Sniffing the milk jug has little or no nutritive benefit.


----------



## Fiver (Aug 25, 2009)

Perhaps not, but it can sure save me some turmoil and gastric distress.


----------



## Jazzey (Aug 25, 2009)

Having read this thread over, I'd definitely go for the M&Ms..but, there may be a bit of a bias there.... Yum - Ironically, I'm allergic to peanuts - but still good :2thumbs:  All good.  (thanks Turtle, for the craving  )


----------



## Fiver (Aug 25, 2009)

It's okay if you do what I do -- just suck the shell and the chocolate off and throw the peanut out -- or toss it to the dog, if you have one, which I do not.  Therefore I'm saving them up for when I invite guests over for cocktails so I don't have to buy a jar of salted nuts.
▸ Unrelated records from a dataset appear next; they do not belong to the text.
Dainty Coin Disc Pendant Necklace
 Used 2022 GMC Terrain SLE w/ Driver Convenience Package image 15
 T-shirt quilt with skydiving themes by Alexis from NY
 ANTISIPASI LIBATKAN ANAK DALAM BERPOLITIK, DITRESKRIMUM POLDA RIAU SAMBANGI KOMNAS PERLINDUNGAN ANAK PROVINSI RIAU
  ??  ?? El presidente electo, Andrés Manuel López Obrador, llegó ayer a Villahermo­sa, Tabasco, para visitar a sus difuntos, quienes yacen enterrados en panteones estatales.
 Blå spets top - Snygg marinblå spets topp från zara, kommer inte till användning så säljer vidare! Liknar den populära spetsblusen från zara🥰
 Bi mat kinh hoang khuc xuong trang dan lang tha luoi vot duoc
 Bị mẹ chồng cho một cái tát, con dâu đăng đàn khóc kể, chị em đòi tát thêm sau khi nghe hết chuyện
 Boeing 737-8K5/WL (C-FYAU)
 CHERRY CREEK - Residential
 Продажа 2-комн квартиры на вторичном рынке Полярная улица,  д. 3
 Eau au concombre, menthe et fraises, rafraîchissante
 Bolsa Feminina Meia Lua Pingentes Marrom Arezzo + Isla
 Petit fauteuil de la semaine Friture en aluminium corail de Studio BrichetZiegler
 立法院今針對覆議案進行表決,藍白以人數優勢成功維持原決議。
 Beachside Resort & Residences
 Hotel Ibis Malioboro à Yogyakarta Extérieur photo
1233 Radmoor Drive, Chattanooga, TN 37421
I think I might have read this trick from "Martha Stewart: Tips From The Hoosgau."



[Disclaimer: You should always find an excuse to miss any party I throw.]


----------



## Jazzey (Aug 25, 2009)

Good to know...

I actually like the peanut part BUT, with the chocolate...So please don't suck the chocolate off my peanuts.

*note to self:  do not, I repeat, DO NOT, eat peanuts at Fiver's home....And if it's a potluck, I'll bring the pork ribs, without the sauce...(that's all I'm sayin').


----------



## Fiver (Aug 25, 2009)

You are wise, Grasshopper. I do pour a mean Dr. Pepper, though. Anyway, I haven't heard what was on your menu tonight....


----------



## Jazzey (Aug 25, 2009)

Ahhh, well diner hasn't been served just yet.   There were so many delightful options on this thread that I got confused as to my options... (still mulling over the M & M's though - darn that Turtle for planting that in my head....)


----------



## Fiver (Aug 25, 2009)

Hang on, lemme just pull out a chapter from "Martha Stewat: Tips From The Hoosgau."

Ooh. Fritos and potato vodka. Okay no. Just order pizza instead.


----------



## NicNak (Aug 25, 2009)

I get my Lick's Homeburger and Taters N Cream (french fries dressed like baked potatoe)

Yummm. 

I happy camper now, but still staring at it and not eating yet.  Then after I eat I will wish I had more :teehee:  typical.


----------